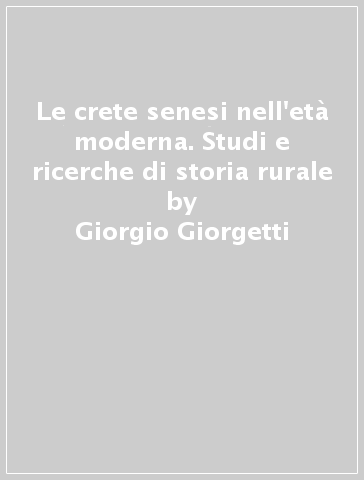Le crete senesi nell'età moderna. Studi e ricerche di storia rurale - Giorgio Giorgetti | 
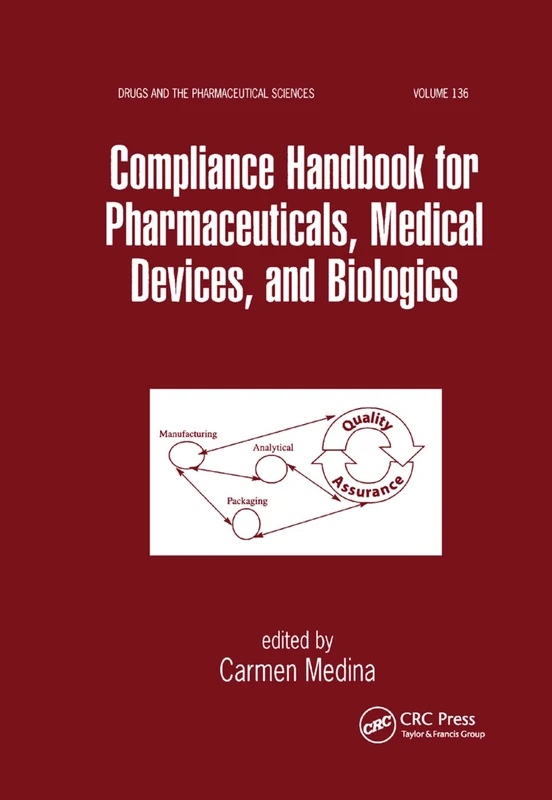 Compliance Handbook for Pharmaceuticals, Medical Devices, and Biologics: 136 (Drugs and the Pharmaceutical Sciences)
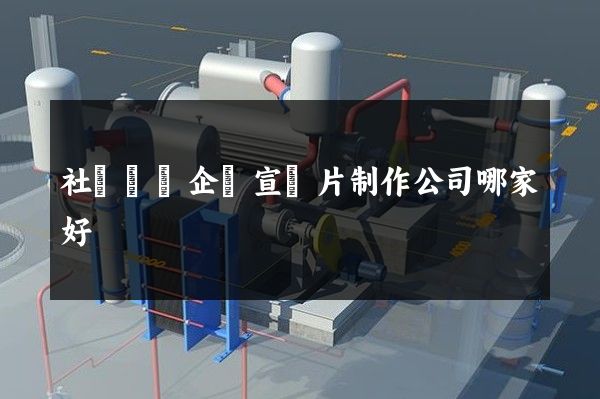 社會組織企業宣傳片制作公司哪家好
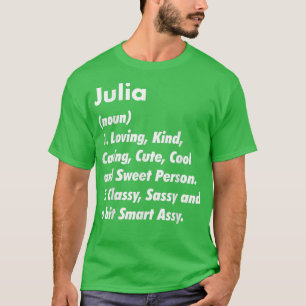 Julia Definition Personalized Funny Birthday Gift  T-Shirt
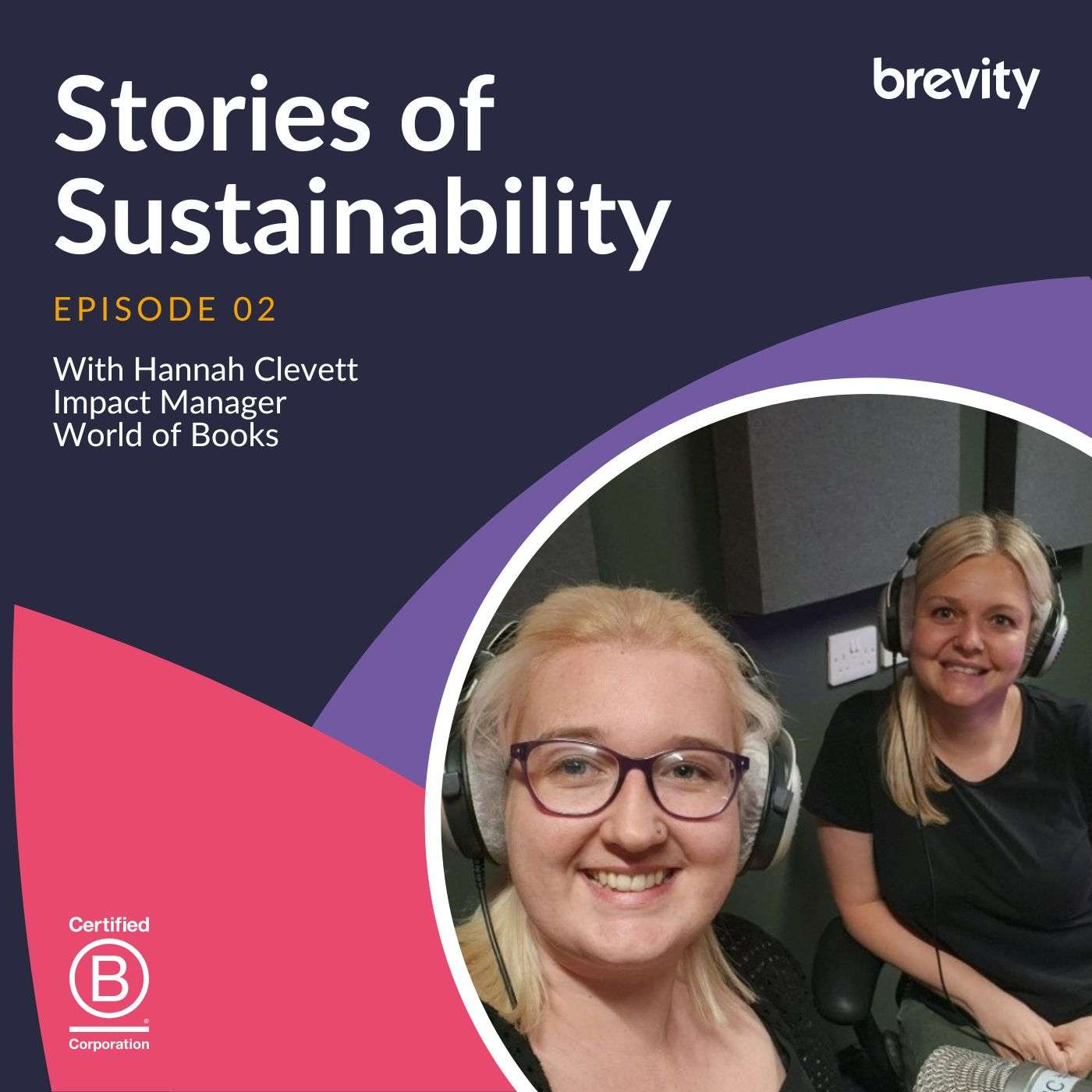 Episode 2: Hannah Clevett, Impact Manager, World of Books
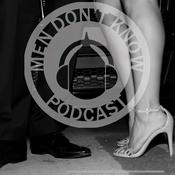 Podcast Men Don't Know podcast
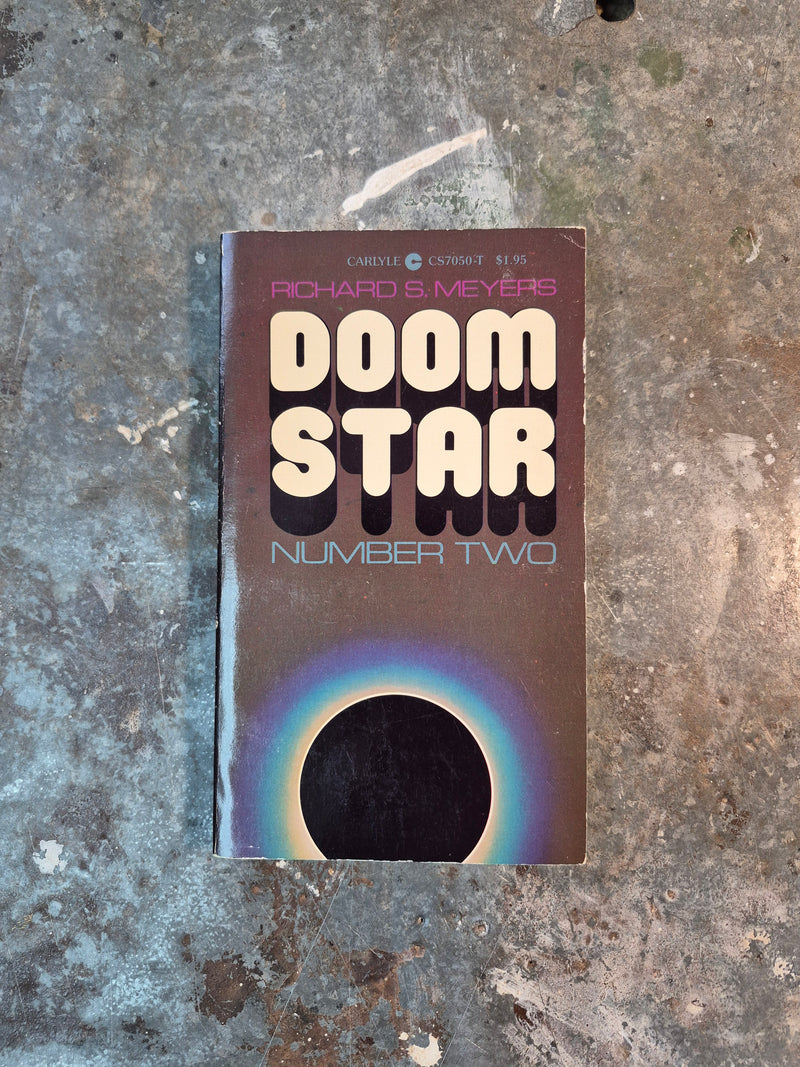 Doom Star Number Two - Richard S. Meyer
□ □ □
What this task involves
Please return the lines from the line with "Compliance Handbook for" through the last line of the data, both included, exactly, and without pictures.

Output
 Compliance Handbook for Pharmaceuticals, Medical Devices, and Biologics: 136 (Drugs and the Pharmaceutical Sciences)
 社會組織企業宣傳片制作公司哪家好
 Julia Definition Personalized Funny Birthday Gift  T-Shirt
 Episode 2: Hannah Clevett, Impact Manager, World of Books
 Podcast Men Don't Know podcast
 Doom Star Number Two - Richard S. Meyer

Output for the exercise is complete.